#3 THE POWER OF THE WORD–Part One: A Naked Lunch Served up to Lying Eyes

 

One thing consistently haunts me as we edge globally into a permanent state of Orwellian doublespeak.

It’s not merely the weakening of journalism within the American democracy at the hands of social media–to some degree, a purely free market pivot. Who wants to pay for it, after all, despite its cornerstone value to accurate knowledge?

And it does turn out that lying is a good deal more efficient and cost-effective than rigorously refining your narrative and back-checking your facts, which nowadays comes across as quaint.

Until recently none of that has mattered to the Russian audience of the Ukraine war narrative. They’ve accepted it as it’s fed to them. Do some Russians quietly wince at the law Putin passed to imprison you for calling the war in Ukraine a “war”? Does it get anymore Orwellian than that?

But that’s precisely where it stands. Only their selective, alternative diction can be spoken legally. Calling a war a “war” brings down the power of the state upon you.

The American rightwing’s normal strategy has been distraction. Their shouts rise to the heavens about which restrooms trans people choose and immigrants massed at the border and critical race theory in elementary schools. Immigration may be way down from decades ago, and certainly nobody studies critical race theory in elementary school. (Is that what fifth grade is like in Mississippi?)

But, well, trans people do use restrooms, so there’s that.

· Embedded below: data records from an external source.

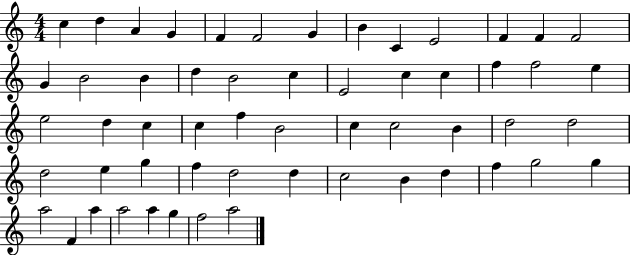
{
  \clef treble
  \numericTimeSignature
  \time 4/4
  \key c \major
  c''4 d''4 a'4 g'4 | f'4 f'2 g'4 | b'4 c'4 e'2 | f'4 f'4 f'2 | \break g'4 b'2 b'4 | d''4 b'2 c''4 | e'2 c''4 c''4 | f''4 f''2 e''4 | \break e''2 d''4 c''4 | c''4 f''4 b'2 | c''4 c''2 b'4 | d''2 d''2 | \break d''2 e''4 g''4 | f''4 d''2 d''4 | c''2 b'4 d''4 | f''4 g''2 g''4 | \break a''2 f'4 a''4 | a''2 a''4 g''4 | f''2 a''2 | \bar "|."
}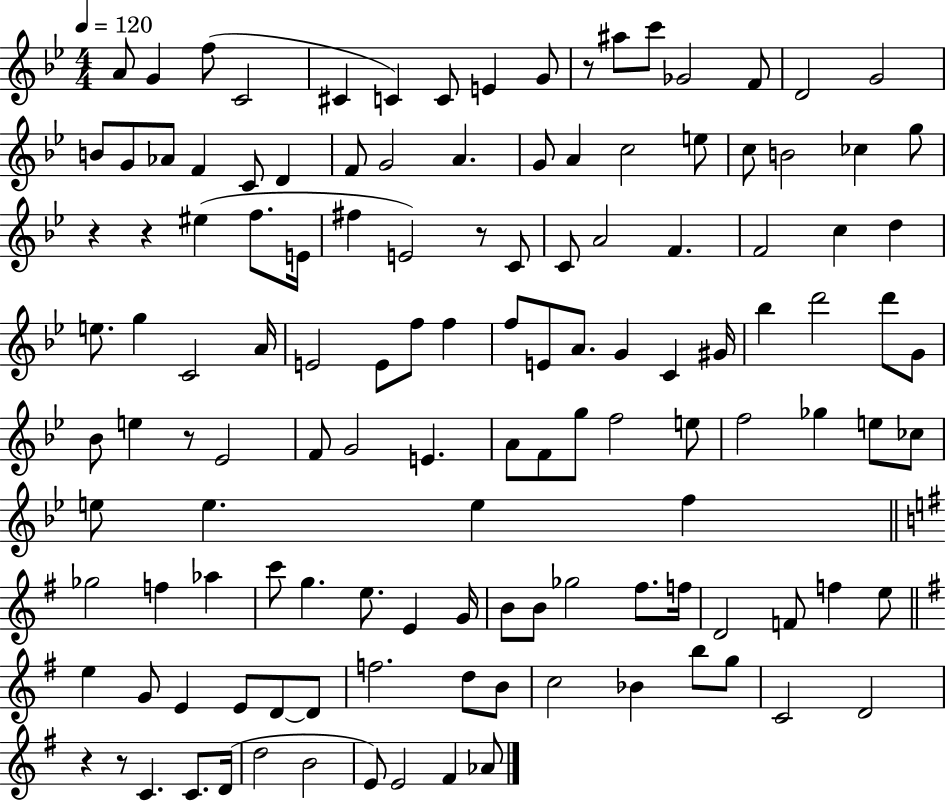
A4/e G4/q F5/e C4/h C#4/q C4/q C4/e E4/q G4/e R/e A#5/e C6/e Gb4/h F4/e D4/h G4/h B4/e G4/e Ab4/e F4/q C4/e D4/q F4/e G4/h A4/q. G4/e A4/q C5/h E5/e C5/e B4/h CES5/q G5/e R/q R/q EIS5/q F5/e. E4/s F#5/q E4/h R/e C4/e C4/e A4/h F4/q. F4/h C5/q D5/q E5/e. G5/q C4/h A4/s E4/h E4/e F5/e F5/q F5/e E4/e A4/e. G4/q C4/q G#4/s Bb5/q D6/h D6/e G4/e Bb4/e E5/q R/e Eb4/h F4/e G4/h E4/q. A4/e F4/e G5/e F5/h E5/e F5/h Gb5/q E5/e CES5/e E5/e E5/q. E5/q F5/q Gb5/h F5/q Ab5/q C6/e G5/q. E5/e. E4/q G4/s B4/e B4/e Gb5/h F#5/e. F5/s D4/h F4/e F5/q E5/e E5/q G4/e E4/q E4/e D4/e D4/e F5/h. D5/e B4/e C5/h Bb4/q B5/e G5/e C4/h D4/h R/q R/e C4/q. C4/e. D4/s D5/h B4/h E4/e E4/h F#4/q Ab4/e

All of this effectively keeps people from looking more closely at what matters. But when it does come to those things–rushing over the cliff of global warming, for instance–they simply deny it. If a disease sweeps the Earth killing people en masse, that’s a lie. If it’s going to hurt our election prospects, it has no reality.

But what a lie! It’s told with such passion, such conviction, and such incessant repetition, the North Dakota man dying of COVID-19 in a hospital bed harassed the nurse trying to save his life, insisting that this is all some bullshit invention of Democrats. It must have been a relief to stick tubes down the guy’s throat so he’d shut the fuck up.

By the same token, those in Ukraine who’ve called their relatives in Russia to describe the horror that’s engulfed them have gotten complete, 100% disbelief. Their fully conditioned loved ones see only what they’re told to see, and actual, on the ground witnesses have no validity.

But this is what deeply bugs me.

Though the American rightwing has completely entered a post-factual fantasy world, where it can with impunity deny the disease than kills hundreds of thousands of its own adherents, and its evil twin in Russia can pursue a war killing thousands of Russian citizens and refuse to let the term “war” pass anyone’s lips, they have nothing to stand on if their own people don’t swallow it as “reality.”

A shitstorm of unimaginable proportions waits on the other side of their lies. Like the Dutch dike system that holds back the sea, the only protection they have is that you believe them.

It’s the world’s most compelling fig leaf. And in the end, it’s composed of nothing but words.

(Next time: Part Two: In the Beginning Was the Word, or How We got Incarcerated in an Orwellian Mandala)

6 Comments

  • David Lipson on October 27, 2022

    Speaking of Naked Lunch, how many years before Facebook and Twitter did William Burroughs come up with the Conflict Amplifier? Maybe that was Nova Express, though…

    • Gary Allen on November 21, 2022

      Maybe you only need to shout louder.

  • Jeff Herrick on October 27, 2022

    All sadly true.

  • Margot Elyse Iseman on October 27, 2022

    Such a sad, catastrophic state of affairs.

  • Eileen M Malloy on October 28, 2022

    Words are equally powerful as agents of positive change.

    • Gary Allen on November 21, 2022

      Be nice if they thought to use them that way, but I don’t think they have any idea what “positive change” would genuinely be.